8 tips for online learning community activities
June 20, 2010 in Learning communities
In a purely social community, collaboration and communication can be very open and unstructured. But when incorporating online community approaches into courses, we normally need to adopt a more structured approach to meet needs of the curriculum and the learners.
Here are some tips for this situation:
- The start of the activity is important – so welcome people and set a positive tone. Don’t overload people with information – start gently!
- Focus on participant needs – so exploring and sharing existing knowledge is often a great place to start.
- Give clear instructions and information about the activity – break the activity into digestible chunks so participants can focus on one thing at a time. Move supplementary information (ie info which is not key to the activity) to subsidiary pages.
- Use triggers to build engagement – eg provide a video or a link to an online survey, then follow with a directly-related question.
- Use open questions – eg ‘why do you think…?‘ These are more likely to generate higher-level thinking and in-depth discussion.
- Be a bit provocative – a trigger or question which is controversial is likely to generate engagement. But avoid topics which are too risky as these can lead to dangerous conflict – if you’re inexperienced as a facilitator this can be hard to deal with.

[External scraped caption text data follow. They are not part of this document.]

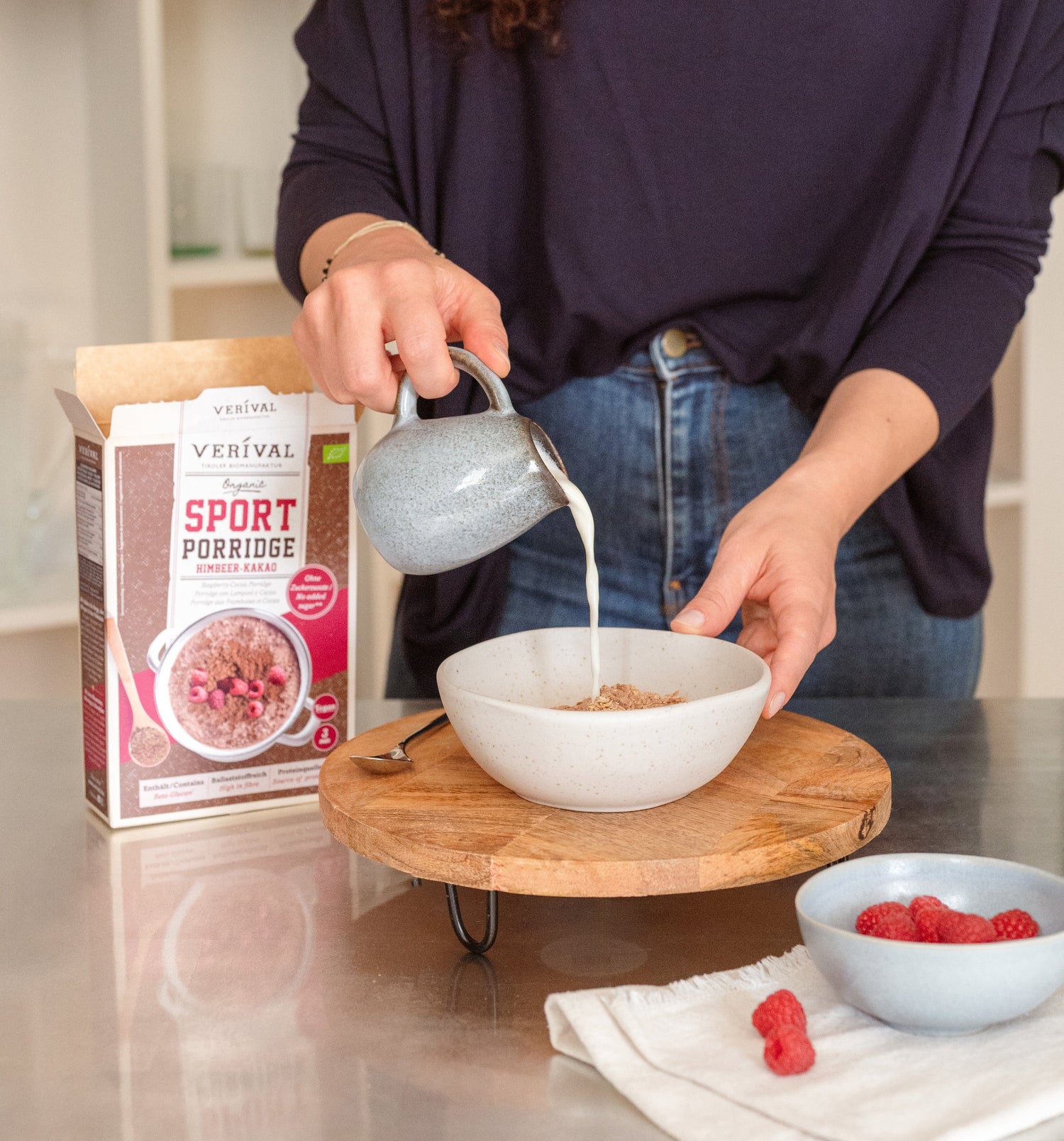 Eine Person gießt Milch in eine Schüssel Brei neben einer Schachtel mit der Aufschrift Sport Porridge und einer kleinen Schüssel mit Himbeeren auf einem Holztablett.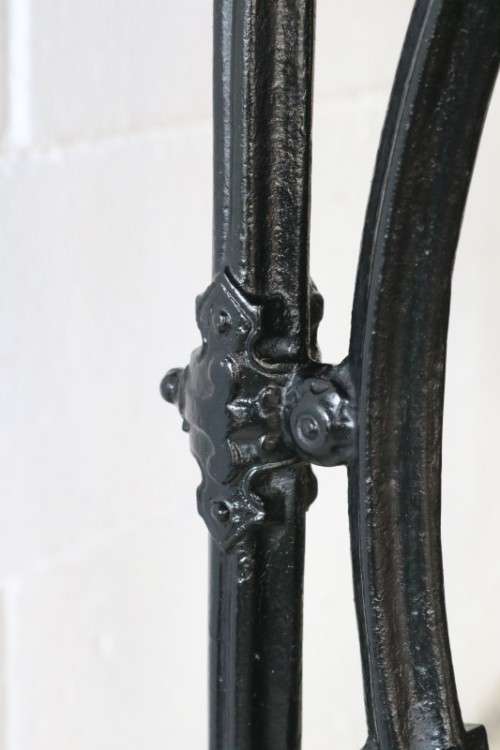 An amazing vintage cast iron sewing table with a wooden top - well made and very heavy!
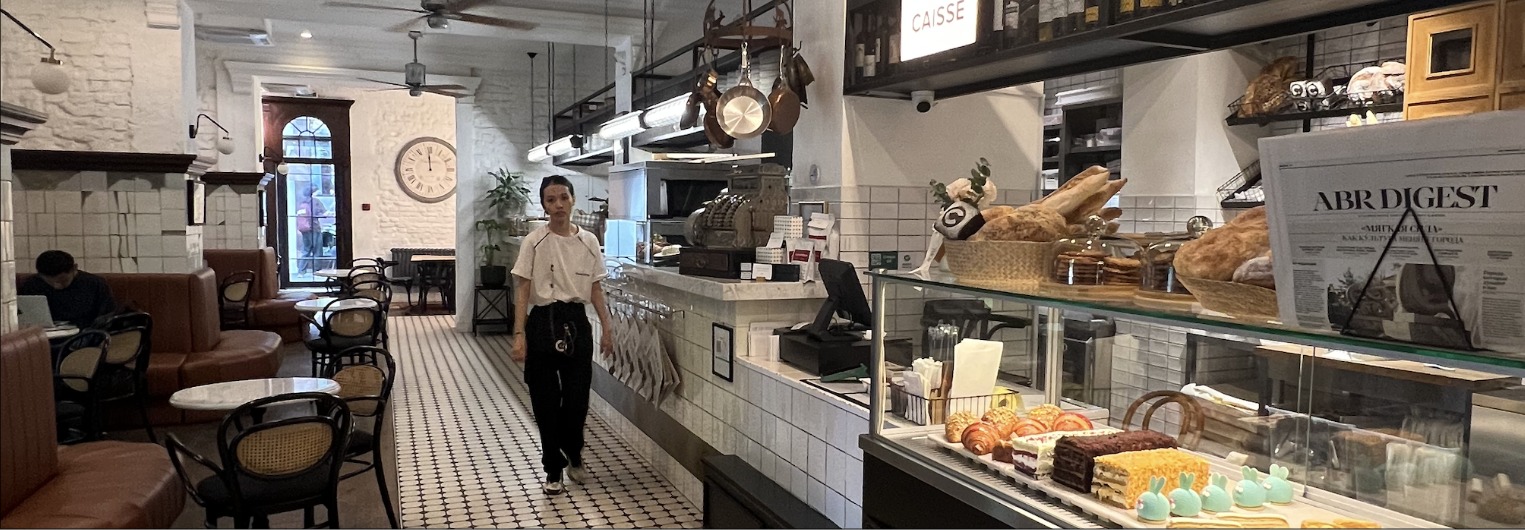 Кафе Cafeteria: официантка в зале, открытая кухня и витрина с выпечкой
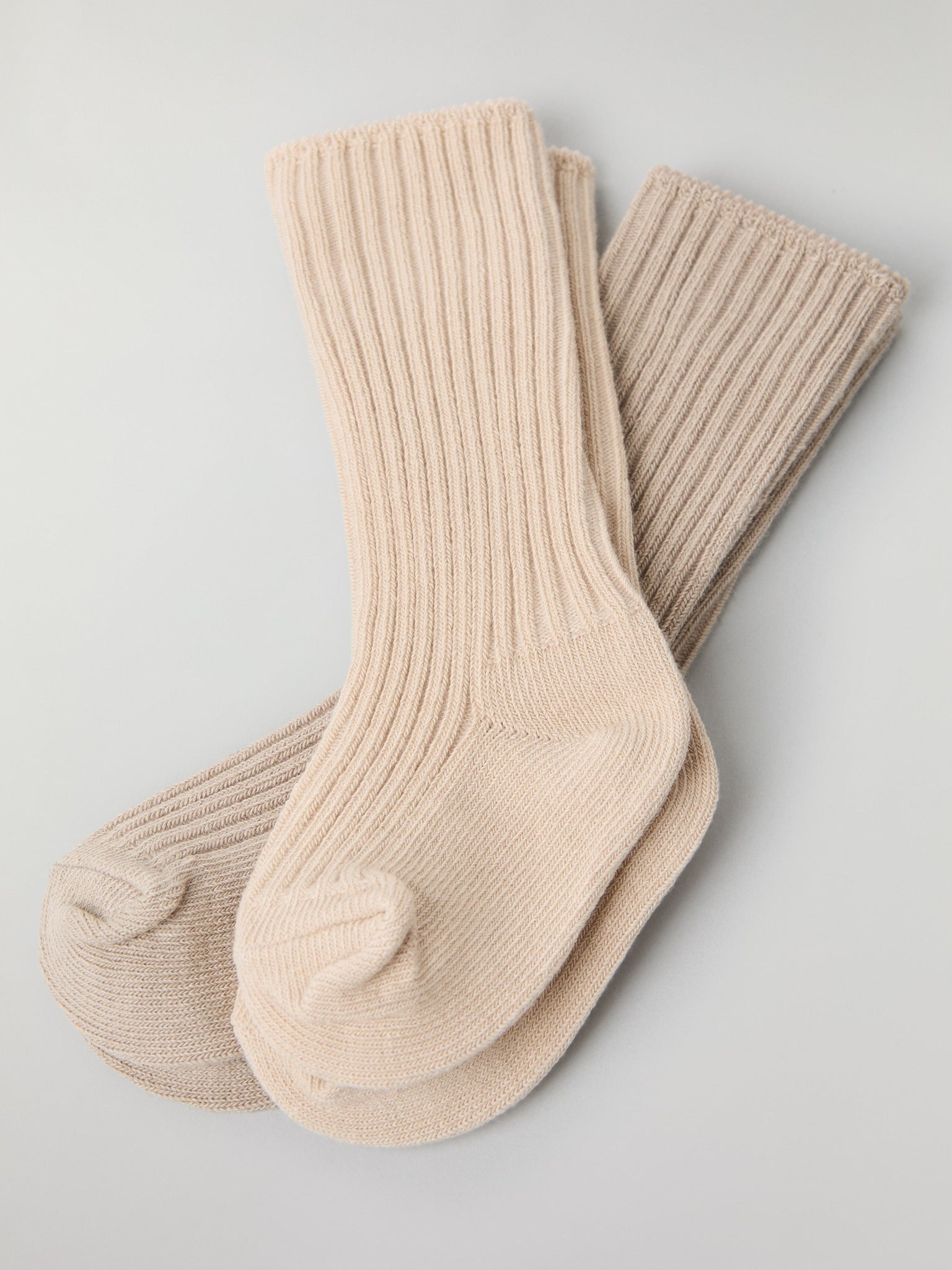 Beige Two Pack Baby Socks from the Polarn O. Pyret baby collection. Ethically produced kids clothing.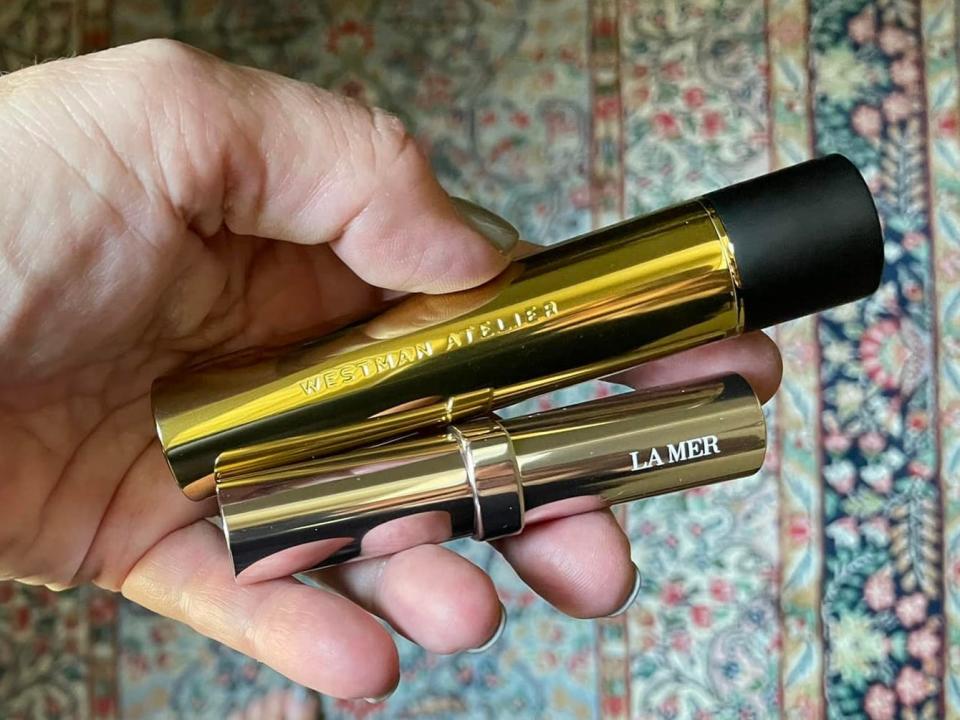 The writer holds a golden tube of mascara and a tube of stick concealer with "La Mer" on the side of it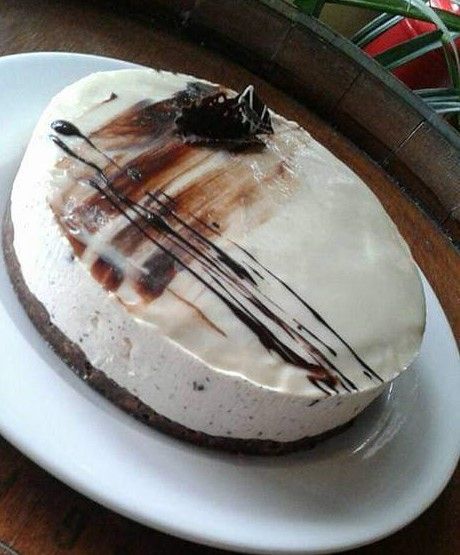 Dessert a forma di cupola ricoperto di cioccolato, servito su un piatto bianco.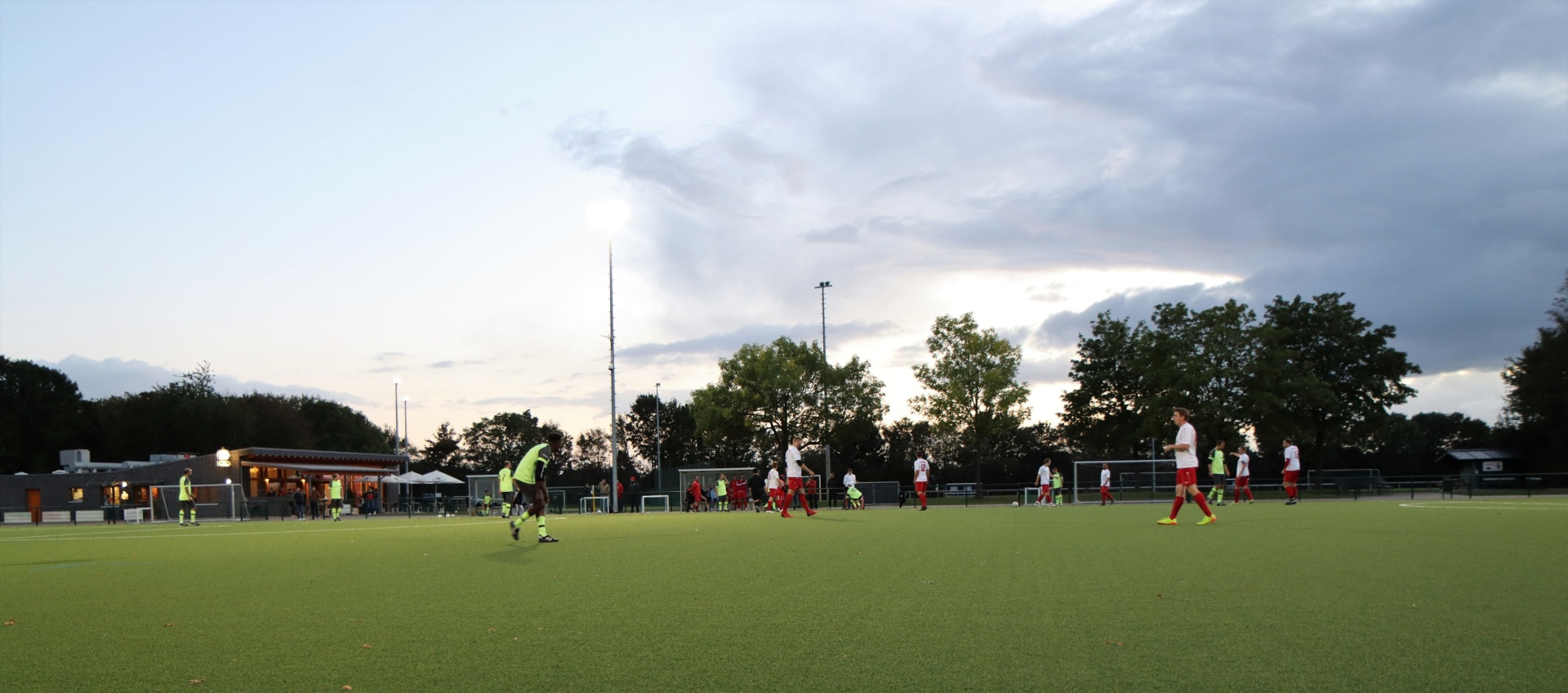 [{"clang_id":1,"value":"Fußballfeld mit spielenden Personen in roten und schwarzen Trikots. Im Hintergrund Bäume und ein bewölkter Himmel."}]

- Consider the flow of the activity – it is often preferable to deal with one question at a time, allowing participants to focus on one question at a time. You can start with prior experience or knowledge, then move in a developmental sequence to more in-depth questions. If you pose multiple questions from the beginning, especially with smaller groups, the community focus can be easily dissipated and lose momentum.
- The end of the activity is important – you should at least farewell participants and thank them for taking part. Consider also how the key points that arose can be summarised and published – true collaboration is not just discussing but generating new and powerful knowledge that should not be lost. You might ask for a volunteer to do this.